QuantAgent Unveiled: A Multi‑Agent LLM Framework for High‑Frequency Trading (Code Open)
QuantAgent introduces a multi‑agent LLM framework that replaces text‑based inputs with raw OHLC price signals, decomposes trading decisions into Indicator, Pattern, Trend, Risk, and Decision agents, and achieves substantially higher direction accuracy and returns across ten financial assets in zero‑shot HFT experiments.
Background – Large language models (LLMs) have shown strong capabilities in financial reasoning for long‑term investment tasks, but high‑frequency trading (HFT) demands ultra‑fast, high‑precision decisions based on structured short‑cycle signals such as technical indicators, chart patterns, and trend features. Text‑based inputs are delayed and noisy, making them unsuitable for HFT.
Problem Definition – Existing financial LLM systems (e.g., MarketBERT, FinBERT) rely on textual data, which cannot meet the speed and accuracy requirements of HFT. A new framework is needed that bases inference solely on price signals and coordinates multiple specialized agents to produce real‑time, explainable trading decisions.
Method – QuantAgent is built on the LangGraph architecture and splits the trading workflow into four dedicated agents, each operating only on OHLC data:
IndicatorAgent computes five classic technical indicators (RSI, MACD, RoC, STOCH, WILLR) and classifies the market state as bullish, neutral, or bearish.
PatternAgent detects geometric chart patterns (e.g., double bottom, V‑shaped reversal, descending triangle) and generates natural‑language explanations.
TrendAgent fits support and resistance lines via ordinary‑least‑squares regression on sliding windows, quantifies trend strength (kappa_t) and determines upward, downward, or sideways trends.
RiskAgent aggregates upstream signals and produces risk‑adjusted trade boundaries (stop‑loss, take‑profit) with a fixed loss threshold rho = 0.05 % and take‑profit level R = r·rho (r = 1.2 or 1.8).

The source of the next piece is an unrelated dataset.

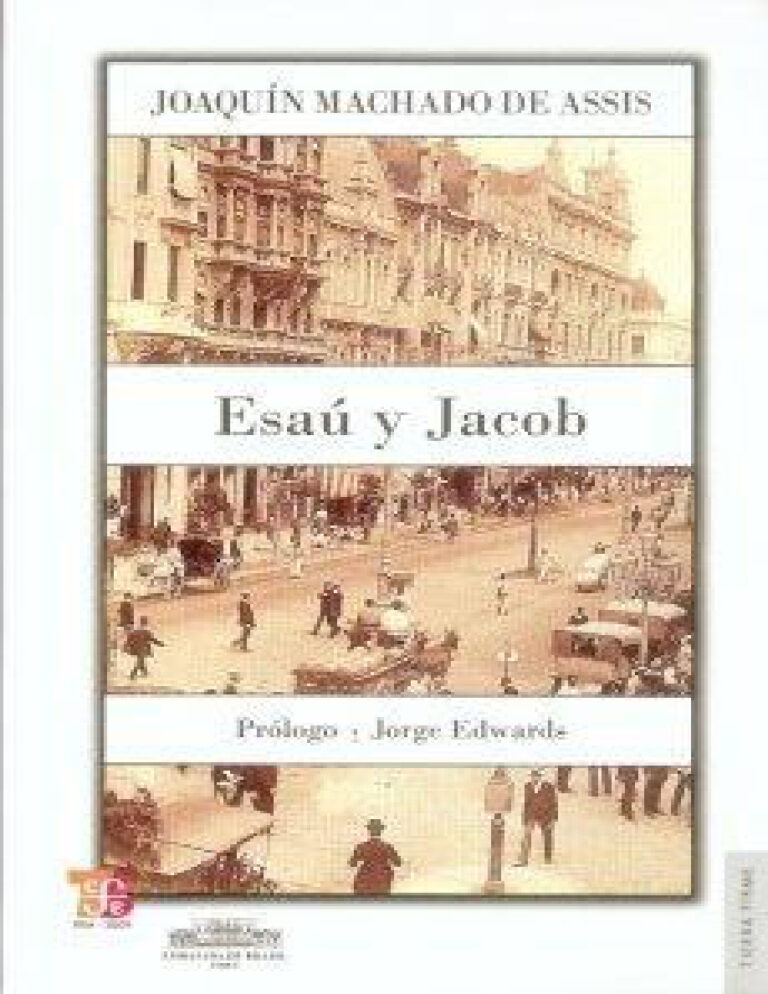Esau y Jacob Spanish Edition Machado de Assis Kitap Kapağı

DecisionAgent fuses the outputs of the four upstream agents and issues LONG or SHORT orders only when a majority of agents agree, providing direction, rationale, risk‑return ratio, and execution instructions.
Experiments – The evaluation uses ten financial instruments (Bitcoin, crude oil, gold, S&P 500, Nasdaq futures, etc.) with 4‑hour OHLC data covering roughly three years (~5,000 candles per asset). Zero‑shot testing samples 100 random 100‑candle segments per asset, reserving the last three candles for validation. Metrics include direction accuracy (α), closing‑price return (R_cc), risk‑constrained return (R_sim), and max/min returns.

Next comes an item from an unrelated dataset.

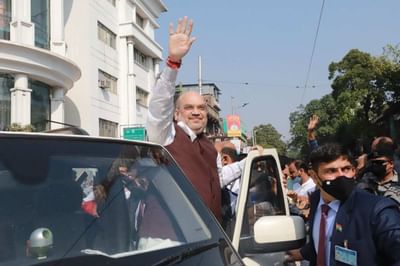 રામકૃષ્ણ મિશન આશ્રમની મુલાકાતથી અમિત શાહે પશ્ચિમ બંગાળના દ્વિ દિવસીય પ્રવાસનો કર્યો પ્રારંભ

Main Results – QuantAgent consistently outperforms a random baseline:
Direction accuracy improves from 49 % to 72 % on S&P 500 (+23 %) and from 39 % to 59 % on Nasdaq‑ETF (+20 %); peak accuracy reaches 80 % on SPX validation.
Six of eight assets switch from negative to positive closing‑price returns (e.g., SPX: –0.108 → 0.207); QQQ’s risk‑constrained return rises from –0.252 to 0.193.
With identical stop‑loss/take‑profit settings, loss on volatile assets such as crude oil is cut by 50 %, while Bitcoin’s maximum return improves from 1.115 to 1.232.
Case Studies
PatternAgent (Crude Oil) identifies a descending triangle (flat lows, decreasing highs) and predicts a bearish breakout; the price subsequently falls.
TrendAgent (Dow Jones) fits an upward support line and a horizontal resistance line, confirming higher highs and higher lows, and predicts a bullish move while warning of a possible pull‑back.
IndicatorAgent (Dow Jones) observes a MACD bullish crossover, RSI near overbought (68), and stochastic > 80, leading to a bullish assessment tempered by overbought caution.
Conclusion – QuantAgent demonstrates that a structured price‑signal prior combined with LLM reasoning can substantially improve high‑frequency trading prediction, direction accuracy, and risk management without any fine‑tuning. The framework and code are publicly available for further research.